Records shown:
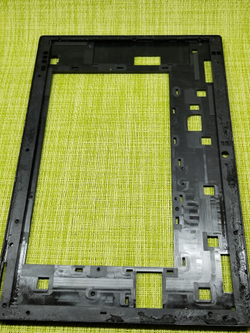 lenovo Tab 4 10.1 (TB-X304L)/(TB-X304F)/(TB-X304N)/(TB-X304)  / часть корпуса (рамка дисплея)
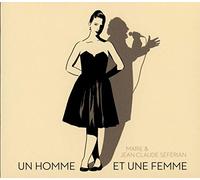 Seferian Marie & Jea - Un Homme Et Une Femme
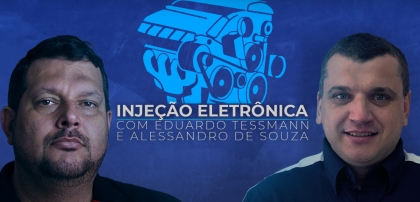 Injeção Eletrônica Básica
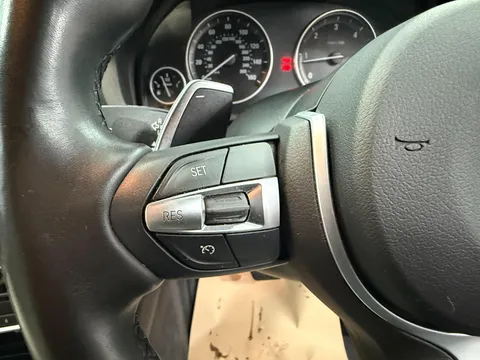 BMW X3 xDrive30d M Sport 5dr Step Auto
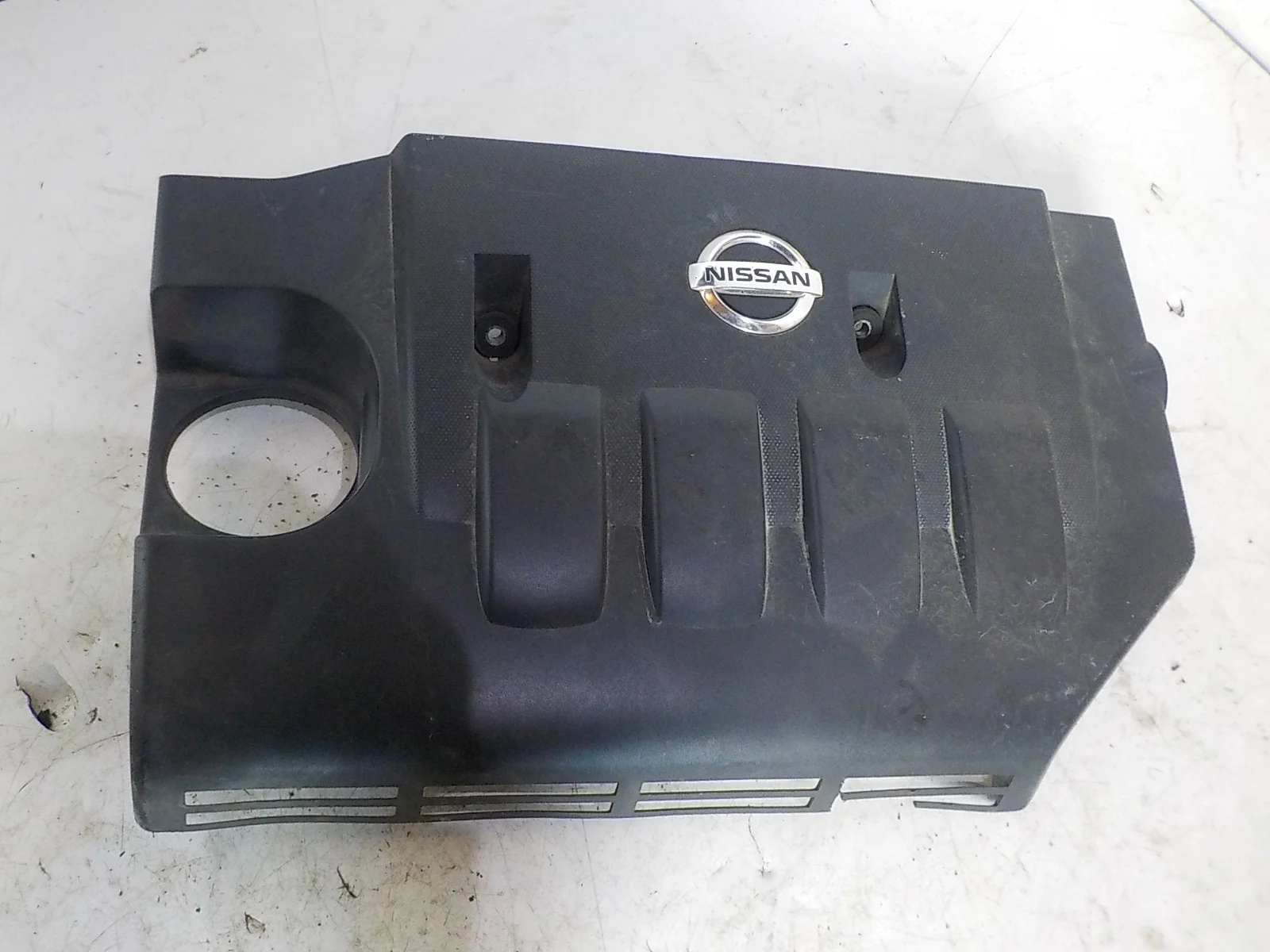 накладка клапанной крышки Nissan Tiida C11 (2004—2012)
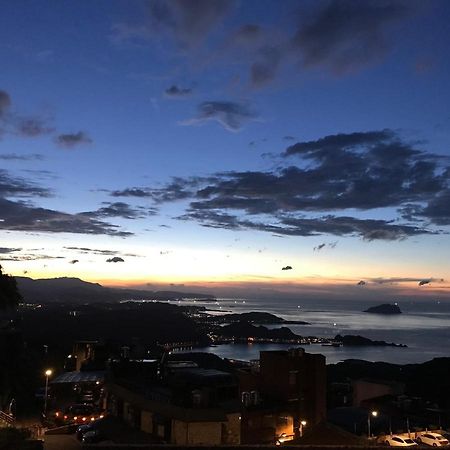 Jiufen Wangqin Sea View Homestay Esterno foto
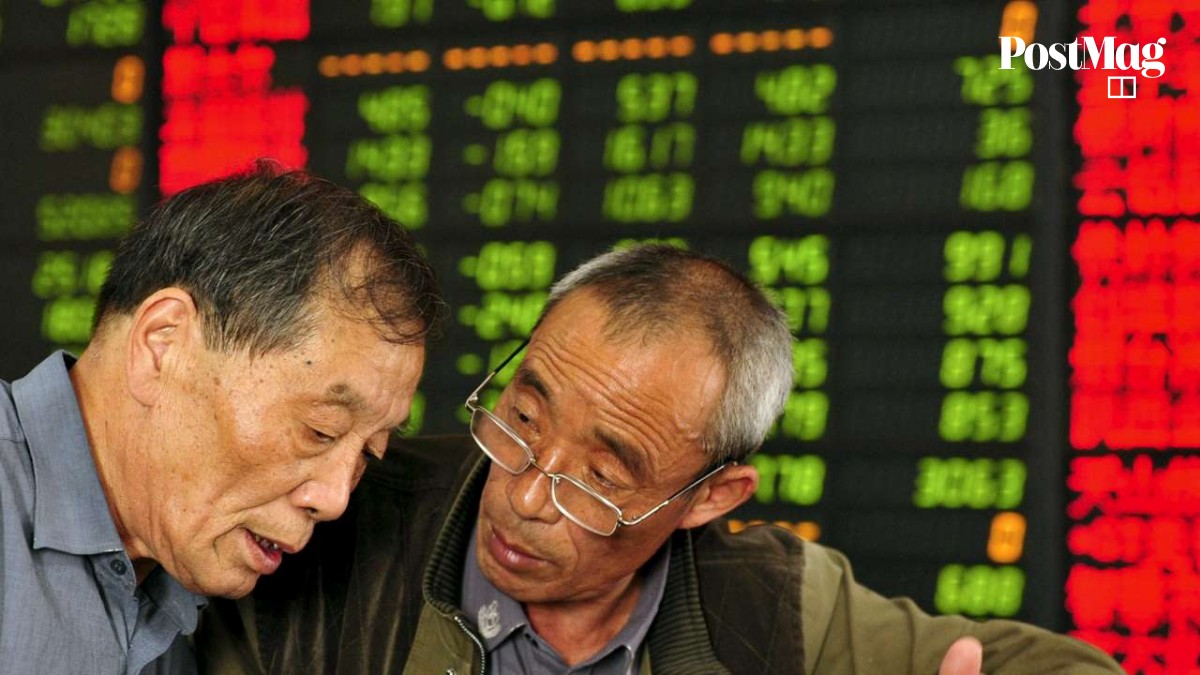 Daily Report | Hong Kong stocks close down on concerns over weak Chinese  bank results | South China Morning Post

Try it:
Nothing but the lines from the line containing "Injeção Eletrônica Básica" through the last line of the material may be output, and they must be copied exactly, without pictures.

Final answer:
 Injeção Eletrônica Básica
 BMW X3 xDrive30d M Sport 5dr Step Auto
 накладка клапанной крышки Nissan Tiida C11 (2004—2012)
 Jiufen Wangqin Sea View Homestay Esterno foto
 Daily Report | Hong Kong stocks close down on concerns over weak Chinese  bank results | South China Morning Post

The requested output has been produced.